Иногда мне казалось, что это абсурд. Что это только мое недоразвитое воображение. Как-то я осмелилась и сказала это своему психотерапевту. То, что я услышала, было словно лекция, видимо, с целью ввергнуть меня в состояние удивления. Он сказал, что это не имеет ничего общего с воображением и что это «эдипальное проявление желания быть женой своего отца и превратить его в свою собственность, а также родить ему детей». Представляешь себе? Самонадеянный кретин! Вот такой бред он мне изложил. Мне, у которой отца не было со второго года жизни. А до второго года он был у меня шесть месяцев и двадцать три дня, до того как траулер, на котором он был офицером, столкнулся с айсбергом около Ньюфаундленда и затонул. Я вышла во время второго сеанса, и мне даже не хотелось хлопнуть дверью. Это было бы слишком явно, и он решил бы, что ему удалось вывести меня из себя. «Эдипальное проявление желания». Это ж надо! Самонадеянный психиатр в черном свитере, в брюках, которые, похоже, не были знакомы с химчисткой, и с уродливой сережкой в ухе. Говорить такое мне, которая сразу же после «Детей из Буллербина» прочитала «Психологию женщины» гениальной Хорни!

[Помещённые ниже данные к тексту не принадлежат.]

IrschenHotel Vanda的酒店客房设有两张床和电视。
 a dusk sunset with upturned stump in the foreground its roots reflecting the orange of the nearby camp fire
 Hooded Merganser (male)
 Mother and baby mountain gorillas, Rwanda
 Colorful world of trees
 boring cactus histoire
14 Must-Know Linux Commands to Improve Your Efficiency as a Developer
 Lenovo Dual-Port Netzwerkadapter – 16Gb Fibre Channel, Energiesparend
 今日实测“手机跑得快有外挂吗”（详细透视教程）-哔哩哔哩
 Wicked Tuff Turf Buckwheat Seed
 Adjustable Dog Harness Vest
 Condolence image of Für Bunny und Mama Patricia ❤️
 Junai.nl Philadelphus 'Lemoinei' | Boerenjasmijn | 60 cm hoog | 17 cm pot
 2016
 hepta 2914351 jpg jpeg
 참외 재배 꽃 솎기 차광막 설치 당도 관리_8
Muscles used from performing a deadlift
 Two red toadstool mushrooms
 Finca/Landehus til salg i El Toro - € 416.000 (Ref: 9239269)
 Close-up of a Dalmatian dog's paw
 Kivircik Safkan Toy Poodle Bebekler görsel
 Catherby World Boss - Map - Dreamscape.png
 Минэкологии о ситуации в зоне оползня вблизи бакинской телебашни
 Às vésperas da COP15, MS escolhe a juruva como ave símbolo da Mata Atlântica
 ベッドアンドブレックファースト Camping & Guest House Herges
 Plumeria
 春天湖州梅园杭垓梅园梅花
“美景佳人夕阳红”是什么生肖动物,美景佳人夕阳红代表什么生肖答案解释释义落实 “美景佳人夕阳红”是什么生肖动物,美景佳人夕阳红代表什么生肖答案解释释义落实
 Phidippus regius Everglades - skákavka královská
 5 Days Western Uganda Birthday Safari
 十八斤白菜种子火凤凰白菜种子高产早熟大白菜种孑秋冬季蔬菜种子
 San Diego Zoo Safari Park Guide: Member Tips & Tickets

Это совершено точно не было «эдипальным проявлением желания». Это были его губы. Всего-навсего. А также ладони. Я вжималась в него, а он касался меня и целовал. Всё. Губы, пальцы, локти, волосы, колени, ступни, плечи, запястья, уши, глаза и бедра. Потом глаза, ногти и вновь бедра. И приходилось его останавливать. Чтобы наконец он перестал целовать и вошел в меня, пока не станет поздно и он вынужден будет встать, одеться и спуститься к такси, которое отвезет его к жене.

И когда позже он уходил домой, забирая на кухне букет из вазы, у меня было твердое убеждение, что без него невозможно пережить «нечто такое же прекрасное». Просто-напросто невозможно. И что мне выпало великое счастье вместе с ним переживать это. И что этого не объяснит ни один психолог, и даже самой Хорни, если бы она еще была жива, тоже не удалось бы объяснить. И что если бы она смогла, я все равно не захотела ее слушать.

Иногда он возвращался из коридора, а то и с улицы и, запыхавшись, взбегал по лестнице на пятый этаж, чтобы поблагодарить за то, что я поставила букет в вазу. И тогда мне становилось очень больно. Потому что мне точно так же, как ему, хотелось отреагировать на это молчанием. Сделать вид, будто этот букет в каком-то смысле что-то вроде его папки. То есть не имеет значения. Но это нам никогда не удавалось. Я каждый раз доставала фиолетовую вазу, а он всегда возвращался, чтобы поблагодарить меня.

А возвращался он, потому что никогда ничего не воспринимает как очевидное. И это есть – и всегда было – частью того недостижимого «чего-то столь же прекрасного», чего не переживешь с другим мужчиной. Он обо всем задумывается, заботливо склоняется либо, в наихудшем случае, все замечает. Вежливость он воспринимает как что-то, обязательно нуждающееся в демонстрации, подобно уважению. И лучше всего сразу. И потому, даже не зная, какую боль этим причиняет, он, запыхавшись, взбегал на пятый этаж, целовал меня и благодарил за то, что я поставила цветы в вазу. А когда он по лестнице сбегал к такси, я возвращалась в спальню или в гостиную, где совсем недавно он меня целовал, допивала остатки вина из его и моего бокалов, откупоривала следующую бутылку, наливала вино в оба бокала и плакала. Когда вино кончалось, засыпала на полу.